_ACTION ITEM_
In full and without alteration, output each record given here.
[[ EXERCISE DATA, beginning ]]
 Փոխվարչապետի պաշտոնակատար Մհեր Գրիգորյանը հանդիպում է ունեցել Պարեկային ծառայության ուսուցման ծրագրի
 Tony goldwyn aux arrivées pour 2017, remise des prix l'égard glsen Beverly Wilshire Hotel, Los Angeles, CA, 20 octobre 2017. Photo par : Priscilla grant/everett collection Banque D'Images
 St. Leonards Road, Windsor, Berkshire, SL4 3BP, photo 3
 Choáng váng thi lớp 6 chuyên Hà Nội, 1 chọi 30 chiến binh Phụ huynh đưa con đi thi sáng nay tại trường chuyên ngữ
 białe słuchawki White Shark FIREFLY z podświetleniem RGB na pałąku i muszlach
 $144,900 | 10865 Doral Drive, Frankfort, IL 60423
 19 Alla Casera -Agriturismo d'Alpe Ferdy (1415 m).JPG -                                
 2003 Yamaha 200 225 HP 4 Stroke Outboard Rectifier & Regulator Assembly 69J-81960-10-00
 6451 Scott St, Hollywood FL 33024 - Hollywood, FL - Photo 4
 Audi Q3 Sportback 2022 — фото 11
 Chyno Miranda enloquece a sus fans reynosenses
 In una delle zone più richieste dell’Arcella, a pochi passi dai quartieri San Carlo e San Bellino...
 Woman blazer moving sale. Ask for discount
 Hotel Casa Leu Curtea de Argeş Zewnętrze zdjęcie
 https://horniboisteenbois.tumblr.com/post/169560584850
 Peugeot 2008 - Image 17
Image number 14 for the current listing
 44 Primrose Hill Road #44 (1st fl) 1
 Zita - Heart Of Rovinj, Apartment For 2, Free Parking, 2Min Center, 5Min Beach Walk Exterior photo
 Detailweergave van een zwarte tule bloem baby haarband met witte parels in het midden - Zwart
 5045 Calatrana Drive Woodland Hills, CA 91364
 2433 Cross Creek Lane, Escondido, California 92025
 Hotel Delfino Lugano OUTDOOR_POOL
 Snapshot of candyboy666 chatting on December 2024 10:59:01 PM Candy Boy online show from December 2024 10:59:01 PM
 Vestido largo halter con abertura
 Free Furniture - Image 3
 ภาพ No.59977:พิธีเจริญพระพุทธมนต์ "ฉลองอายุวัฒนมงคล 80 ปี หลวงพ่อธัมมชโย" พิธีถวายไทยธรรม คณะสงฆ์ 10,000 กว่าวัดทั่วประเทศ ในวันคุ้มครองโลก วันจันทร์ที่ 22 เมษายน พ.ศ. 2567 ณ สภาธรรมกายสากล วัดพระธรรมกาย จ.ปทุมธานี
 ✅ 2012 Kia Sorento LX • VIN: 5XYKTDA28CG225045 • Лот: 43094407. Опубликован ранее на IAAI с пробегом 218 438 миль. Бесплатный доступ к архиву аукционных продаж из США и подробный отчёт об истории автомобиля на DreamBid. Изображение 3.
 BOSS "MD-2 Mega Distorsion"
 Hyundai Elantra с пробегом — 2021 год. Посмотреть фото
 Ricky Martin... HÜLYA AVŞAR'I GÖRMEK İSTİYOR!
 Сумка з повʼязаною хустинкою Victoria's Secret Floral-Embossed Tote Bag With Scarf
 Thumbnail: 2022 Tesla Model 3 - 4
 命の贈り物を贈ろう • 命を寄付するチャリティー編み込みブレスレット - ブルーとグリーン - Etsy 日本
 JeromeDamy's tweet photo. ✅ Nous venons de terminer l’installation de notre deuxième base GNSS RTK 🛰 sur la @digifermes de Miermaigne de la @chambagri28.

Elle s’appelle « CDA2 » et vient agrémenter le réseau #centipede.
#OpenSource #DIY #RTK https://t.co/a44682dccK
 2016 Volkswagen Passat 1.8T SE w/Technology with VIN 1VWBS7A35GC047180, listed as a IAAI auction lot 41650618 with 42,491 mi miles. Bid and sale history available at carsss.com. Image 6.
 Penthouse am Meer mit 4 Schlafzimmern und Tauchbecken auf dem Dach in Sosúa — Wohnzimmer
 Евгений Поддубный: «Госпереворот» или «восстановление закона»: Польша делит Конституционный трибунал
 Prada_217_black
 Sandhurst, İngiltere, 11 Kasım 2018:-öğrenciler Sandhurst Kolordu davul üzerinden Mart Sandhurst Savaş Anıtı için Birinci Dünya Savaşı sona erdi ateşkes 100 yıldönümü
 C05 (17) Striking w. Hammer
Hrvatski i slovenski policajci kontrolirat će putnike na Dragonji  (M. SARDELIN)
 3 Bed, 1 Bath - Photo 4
[[ EXERCISE DATA, end ]]
_TASK RESPONSE_
 Փոխվարչապետի պաշտոնակատար Մհեր Գրիգորյանը հանդիպում է ունեցել Պարեկային ծառայության ուսուցման ծրագրի
 Tony goldwyn aux arrivées pour 2017, remise des prix l'égard glsen Beverly Wilshire Hotel, Los Angeles, CA, 20 octobre 2017. Photo par : Priscilla grant/everett collection Banque D'Images
 St. Leonards Road, Windsor, Berkshire, SL4 3BP, photo 3
 Choáng váng thi lớp 6 chuyên Hà Nội, 1 chọi 30 chiến binh Phụ huynh đưa con đi thi sáng nay tại trường chuyên ngữ
 białe słuchawki White Shark FIREFLY z podświetleniem RGB na pałąku i muszlach
 $144,900 | 10865 Doral Drive, Frankfort, IL 60423
 19 Alla Casera -Agriturismo d'Alpe Ferdy (1415 m).JPG -                                
 2003 Yamaha 200 225 HP 4 Stroke Outboard Rectifier & Regulator Assembly 69J-81960-10-00
 6451 Scott St, Hollywood FL 33024 - Hollywood, FL - Photo 4
 Audi Q3 Sportback 2022 — фото 11
 Chyno Miranda enloquece a sus fans reynosenses
 In una delle zone più richieste dell’Arcella, a pochi passi dai quartieri San Carlo e San Bellino...
 Woman blazer moving sale. Ask for discount
 Hotel Casa Leu Curtea de Argeş Zewnętrze zdjęcie
 https://horniboisteenbois.tumblr.com/post/169560584850
 Peugeot 2008 - Image 17
Image number 14 for the current listing
 44 Primrose Hill Road #44 (1st fl) 1
 Zita - Heart Of Rovinj, Apartment For 2, Free Parking, 2Min Center, 5Min Beach Walk Exterior photo
 Detailweergave van een zwarte tule bloem baby haarband met witte parels in het midden - Zwart
 5045 Calatrana Drive Woodland Hills, CA 91364
 2433 Cross Creek Lane, Escondido, California 92025
 Hotel Delfino Lugano OUTDOOR_POOL
 Snapshot of candyboy666 chatting on December 2024 10:59:01 PM Candy Boy online show from December 2024 10:59:01 PM
 Vestido largo halter con abertura
 Free Furniture - Image 3
 ภาพ No.59977:พิธีเจริญพระพุทธมนต์ "ฉลองอายุวัฒนมงคล 80 ปี หลวงพ่อธัมมชโย" พิธีถวายไทยธรรม คณะสงฆ์ 10,000 กว่าวัดทั่วประเทศ ในวันคุ้มครองโลก วันจันทร์ที่ 22 เมษายน พ.ศ. 2567 ณ สภาธรรมกายสากล วัดพระธรรมกาย จ.ปทุมธานี
 ✅ 2012 Kia Sorento LX • VIN: 5XYKTDA28CG225045 • Лот: 43094407. Опубликован ранее на IAAI с пробегом 218 438 миль. Бесплатный доступ к архиву аукционных продаж из США и подробный отчёт об истории автомобиля на DreamBid. Изображение 3.
 BOSS "MD-2 Mega Distorsion"
 Hyundai Elantra с пробегом — 2021 год. Посмотреть фото
 Ricky Martin... HÜLYA AVŞAR'I GÖRMEK İSTİYOR!
 Сумка з повʼязаною хустинкою Victoria's Secret Floral-Embossed Tote Bag With Scarf
 Thumbnail: 2022 Tesla Model 3 - 4
 命の贈り物を贈ろう • 命を寄付するチャリティー編み込みブレスレット - ブルーとグリーン - Etsy 日本
 JeromeDamy's tweet photo. ✅ Nous venons de terminer l’installation de notre deuxième base GNSS RTK 🛰 sur la @digifermes de Miermaigne de la @chambagri28.

Elle s’appelle « CDA2 » et vient agrémenter le réseau #centipede.
#OpenSource #DIY #RTK https://t.co/a44682dccK
 2016 Volkswagen Passat 1.8T SE w/Technology with VIN 1VWBS7A35GC047180, listed as a IAAI auction lot 41650618 with 42,491 mi miles. Bid and sale history available at carsss.com. Image 6.
 Penthouse am Meer mit 4 Schlafzimmern und Tauchbecken auf dem Dach in Sosúa — Wohnzimmer
 Евгений Поддубный: «Госпереворот» или «восстановление закона»: Польша делит Конституционный трибунал
 Prada_217_black
 Sandhurst, İngiltere, 11 Kasım 2018:-öğrenciler Sandhurst Kolordu davul üzerinden Mart Sandhurst Savaş Anıtı için Birinci Dünya Savaşı sona erdi ateşkes 100 yıldönümü
 C05 (17) Striking w. Hammer
Hrvatski i slovenski policajci kontrolirat će putnike na Dragonji  (M. SARDELIN)
 3 Bed, 1 Bath - Photo 4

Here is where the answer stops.